### To do:
Please write out only the lines from the line with "Millennia cropped sports" to the line with "Well-lit half bath", inclusive, exactly as they stand below, without the pictures.
(Data supplied begins)
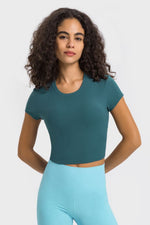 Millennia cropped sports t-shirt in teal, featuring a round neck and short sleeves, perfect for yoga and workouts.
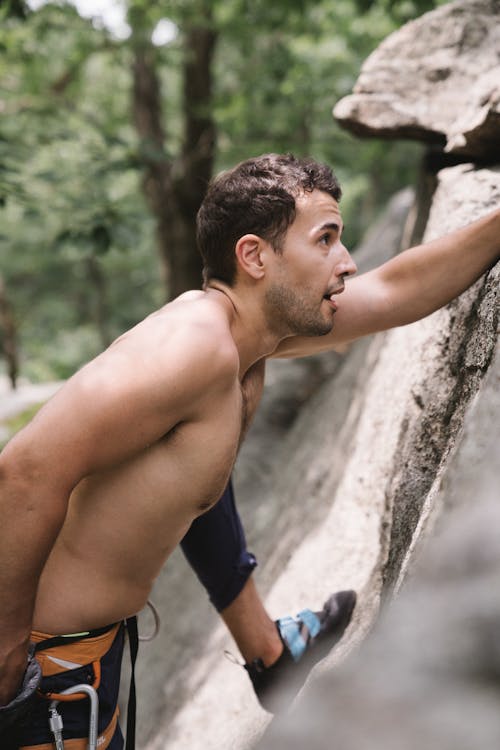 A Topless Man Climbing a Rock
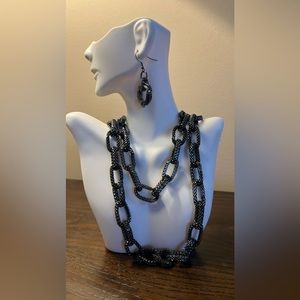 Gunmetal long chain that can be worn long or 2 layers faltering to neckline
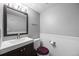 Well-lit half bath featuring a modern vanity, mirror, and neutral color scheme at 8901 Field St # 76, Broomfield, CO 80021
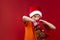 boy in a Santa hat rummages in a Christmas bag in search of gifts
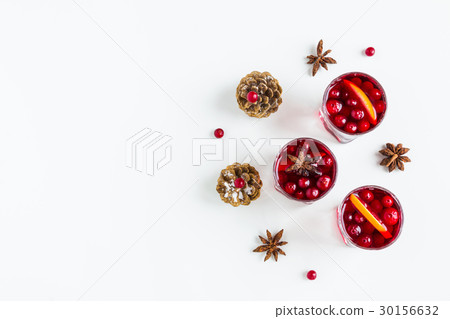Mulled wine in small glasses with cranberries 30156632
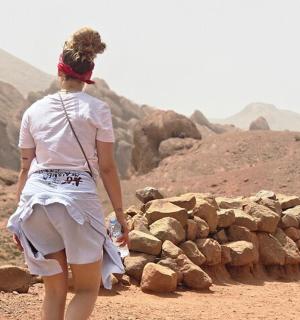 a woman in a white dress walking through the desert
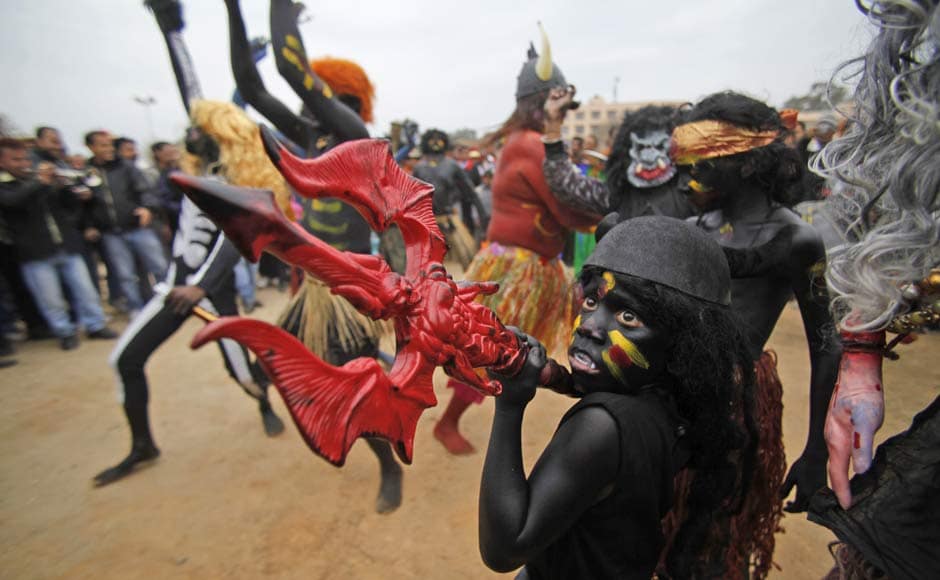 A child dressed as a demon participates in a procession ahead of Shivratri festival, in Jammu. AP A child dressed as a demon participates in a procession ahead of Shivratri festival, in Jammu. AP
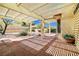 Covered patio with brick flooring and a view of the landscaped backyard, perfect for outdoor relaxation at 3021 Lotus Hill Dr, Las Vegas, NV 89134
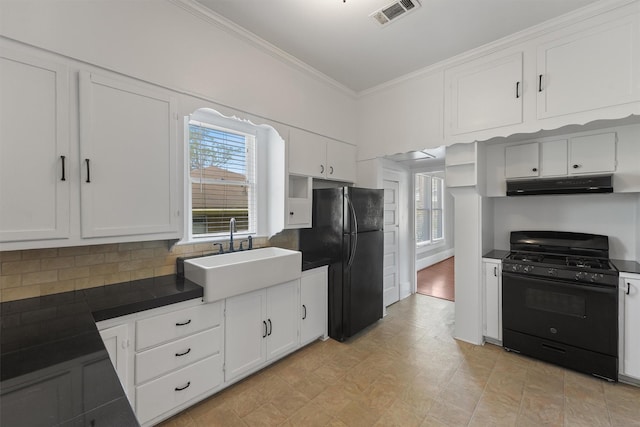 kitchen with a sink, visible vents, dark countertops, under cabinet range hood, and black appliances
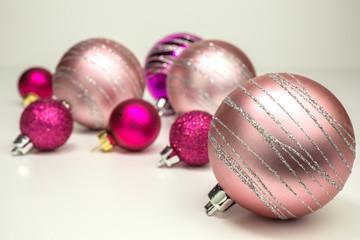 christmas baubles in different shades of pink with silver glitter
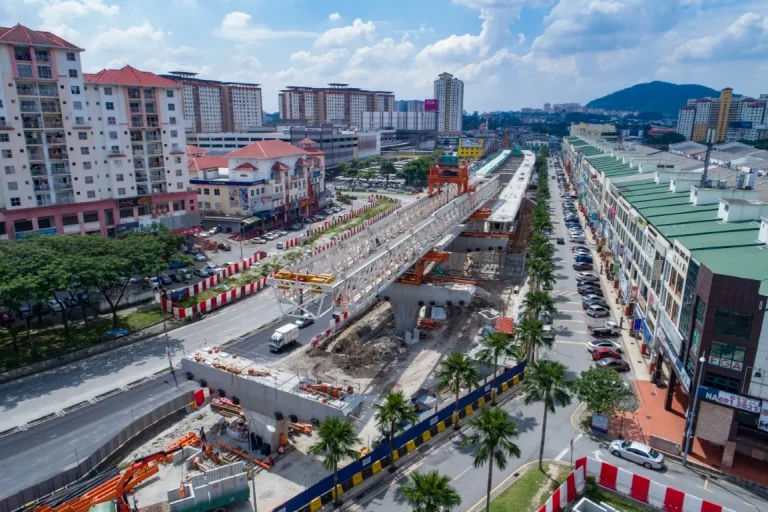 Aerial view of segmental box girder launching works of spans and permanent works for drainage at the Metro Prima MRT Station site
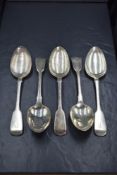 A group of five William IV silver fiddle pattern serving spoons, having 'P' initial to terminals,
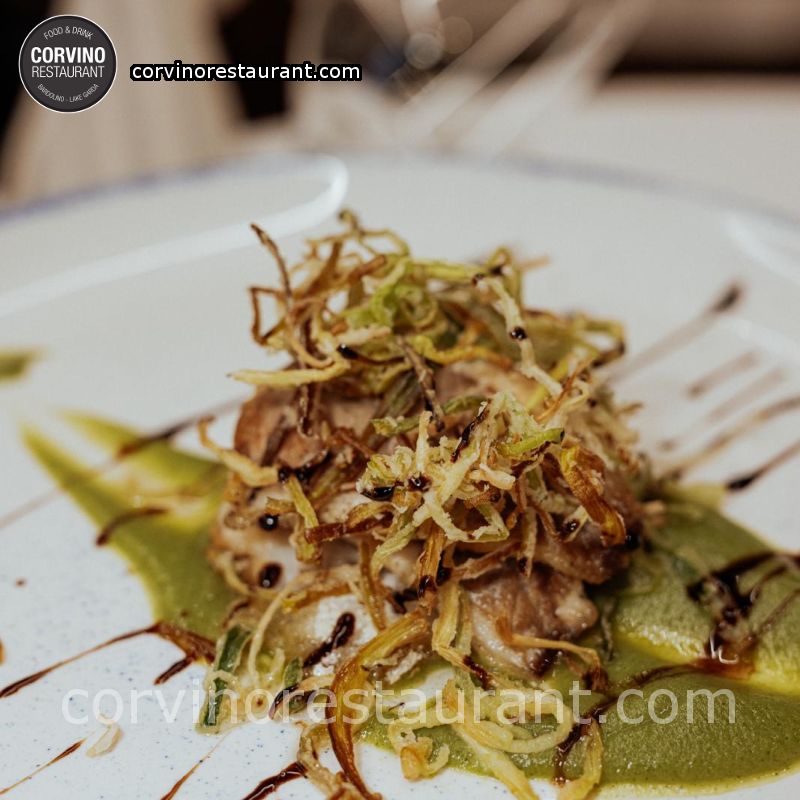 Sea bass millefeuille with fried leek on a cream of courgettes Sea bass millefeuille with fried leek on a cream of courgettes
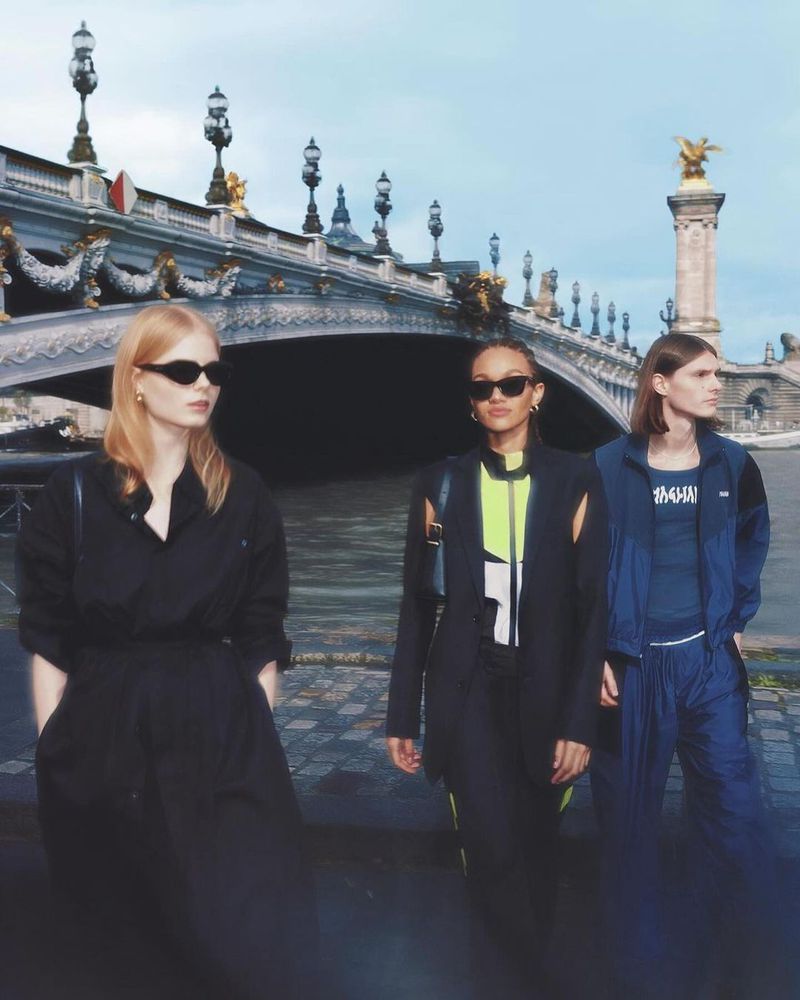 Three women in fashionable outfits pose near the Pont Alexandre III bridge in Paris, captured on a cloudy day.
(Data supplied ends)
(Data supplied begins)
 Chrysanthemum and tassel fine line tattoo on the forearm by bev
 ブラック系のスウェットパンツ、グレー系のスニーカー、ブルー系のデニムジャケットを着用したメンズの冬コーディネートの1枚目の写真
(Data supplied ends)
### The answer:
 Millennia cropped sports t-shirt in teal, featuring a round neck and short sleeves, perfect for yoga and workouts.
 A Topless Man Climbing a Rock
 Gunmetal long chain that can be worn long or 2 layers faltering to neckline
 Well-lit half bath featuring a modern vanity, mirror, and neutral color scheme at 8901 Field St # 76, Broomfield, CO 80021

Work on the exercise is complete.